# Work task
Begin your copy at the line that holds "Makersluxe Bags - PDA Bags - 3683" and carry it through the final line of the data, writing out each line exactly and omitting pictures.

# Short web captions
• • • • • • •
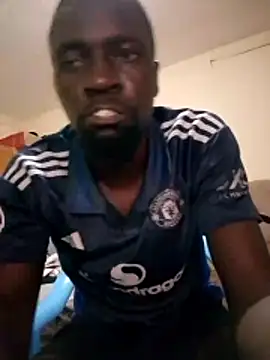 Brian_johns Webcam Show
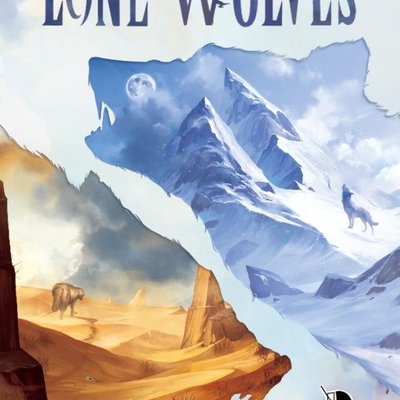 Lone Wolves
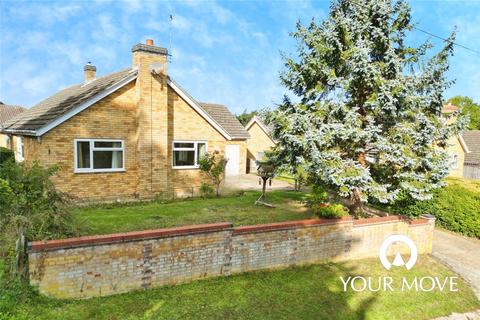 undefined, Station Hill, Norfolk IP20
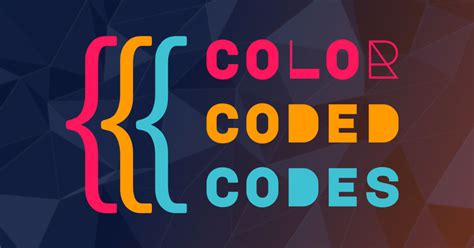 Image result for Colopr Coding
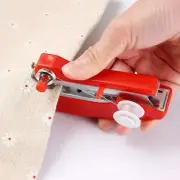 Multifunctional Sewing Machines Needlework Cordless Hand-Held Portable Tools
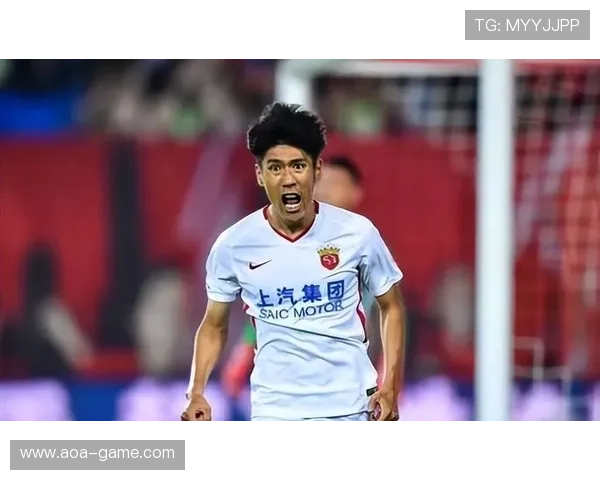 李新翔爆红引发关注海港队内昔日与武磊齐名天才终成最大受害者人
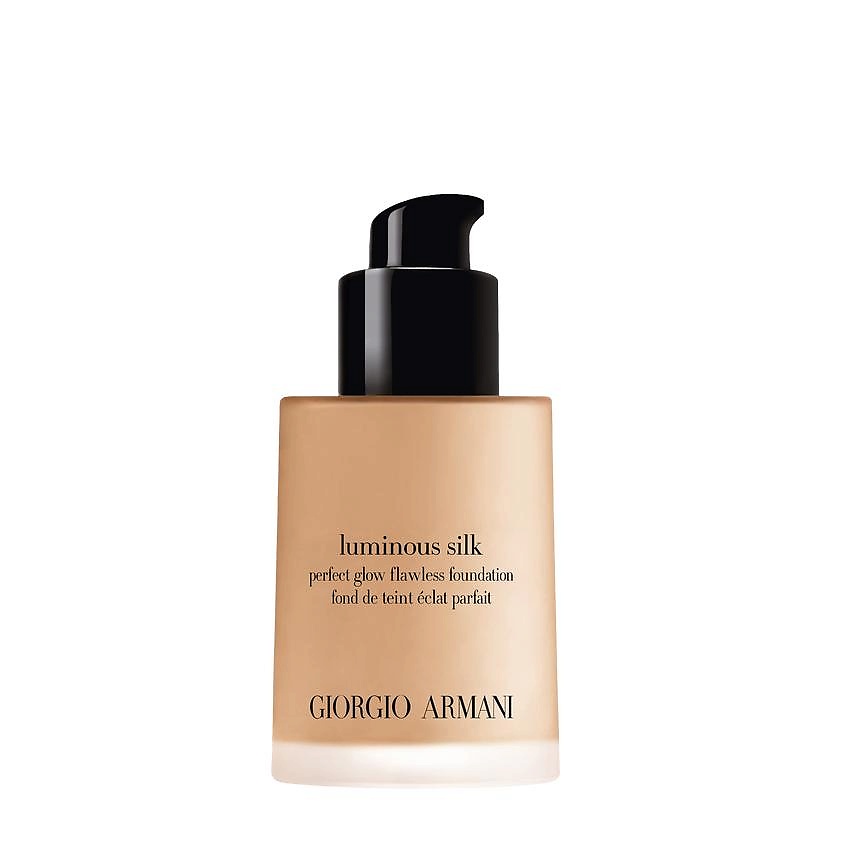 GIORGIO ARMANI Тональный крем LUMINOUS SILK, фото 2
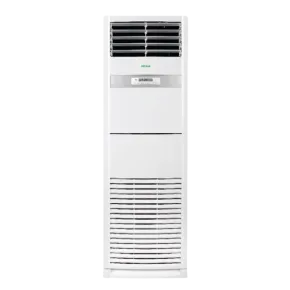 Điều hòa tủ đứng HIKAWA 1 chiều 2 quạt 50000 BTU HI-FC50M2F/HO-FC50M2F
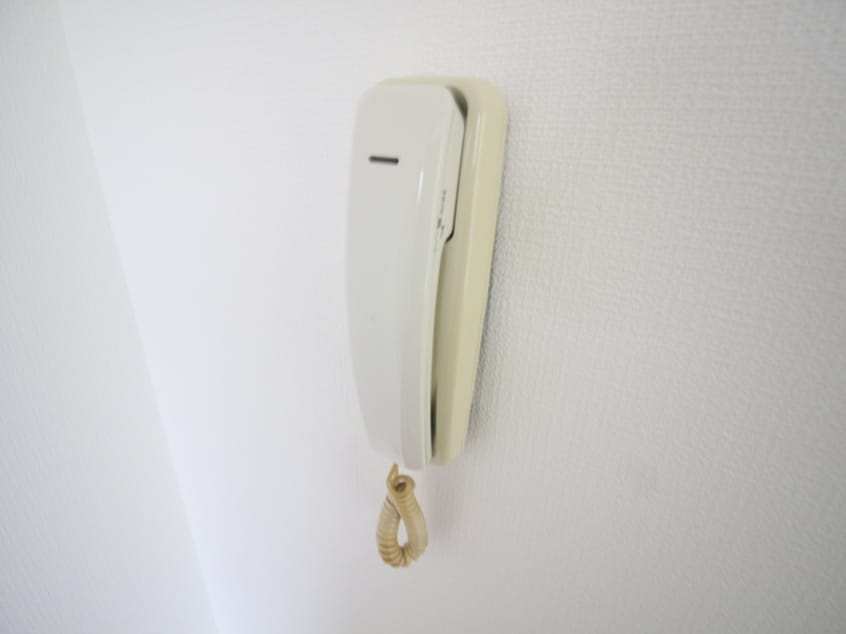 内観写真 ドルチェハイム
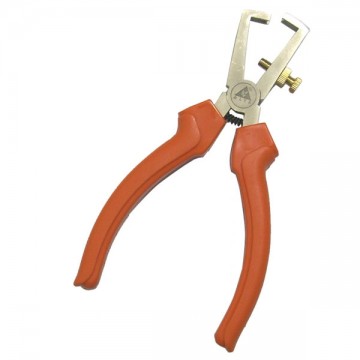 Wire Stripper Pliers 150 High Nylon Handles 03953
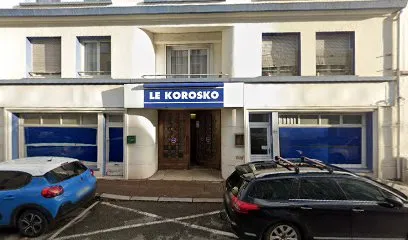 Image de Le Korosko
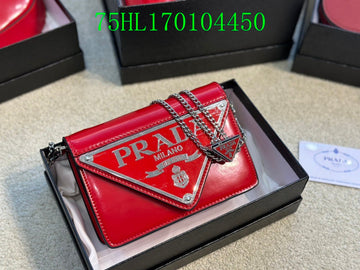 Makersluxe Bags - PDA Bags - 3683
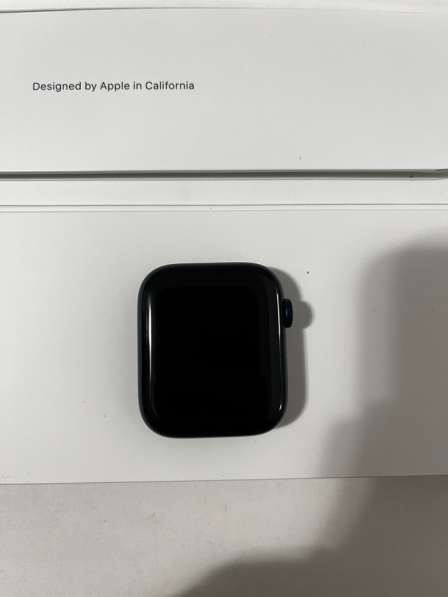 Часы Apple Watch 6 44mm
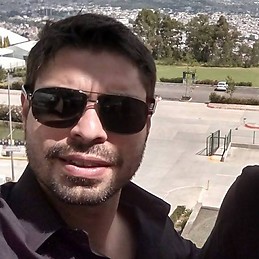 Ricardo Díaz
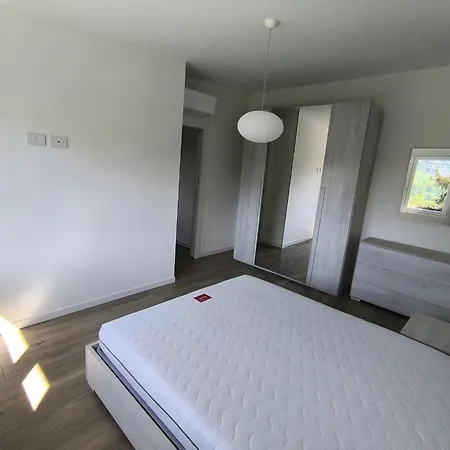Bede-bike Apartamento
• • • • • • •
# Solution to the problem
 Makersluxe Bags - PDA Bags - 3683
 Часы Apple Watch 6 44mm
 Ricardo Díaz
Bede-bike Apartamento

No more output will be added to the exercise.